Theresa sat there as he piled her mother’s clothes and shoes into the middle of the little bed they had slept in for most of their years together. He folded the four corners of the bedspread into the middle of the pile, tied them together, and threw the bundle out the front door.
He began taking everything that had been her mother’s, throwing it all into large green garbage bags. He silently pulled things off the wall, tossing them into the bags as nonchalantly as if he were throwing away days-old molded bread.
Theresa realized the rule of death had become too much for him this time. He was trying to wipe her mother’s memory off of the face of the earth.
He worked with the fervor that only an old man on a mission can have. Within a few hours, every trace of her mother’s existence was gone. Everything she had ever touched, was hidden in a big plastic bag headed for the trash.

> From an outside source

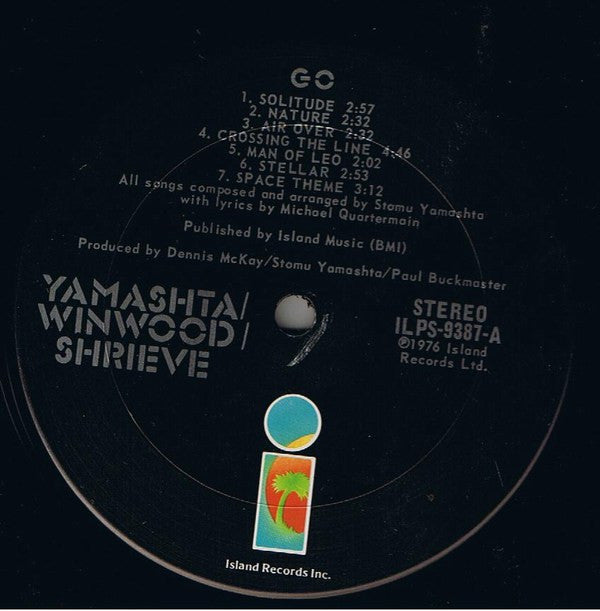 Stomu Yamash'ta - Go(LP, Album, San)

Theresa’s father was breaking the rules all over again. He did not notice that everyone else was playing by the unwritten rules of how to act when someone you love dies. Once again, he had written his own rule, facing the death of his 50 year companion by showing us that all the rules still didn’t matter to him.
Exhausted, he finally sat down in his rocking chair. She walked over to him, kissing him on the cheek. “I’ll see ya later, Daddy,” she whispered as she walked out the front door.
Picking up the garbage bags and packing them into her car, Theresa did all she could do. Bending her head in prayer, she decided to break all the rules of this world by forgiving her father for breaking her heart...again.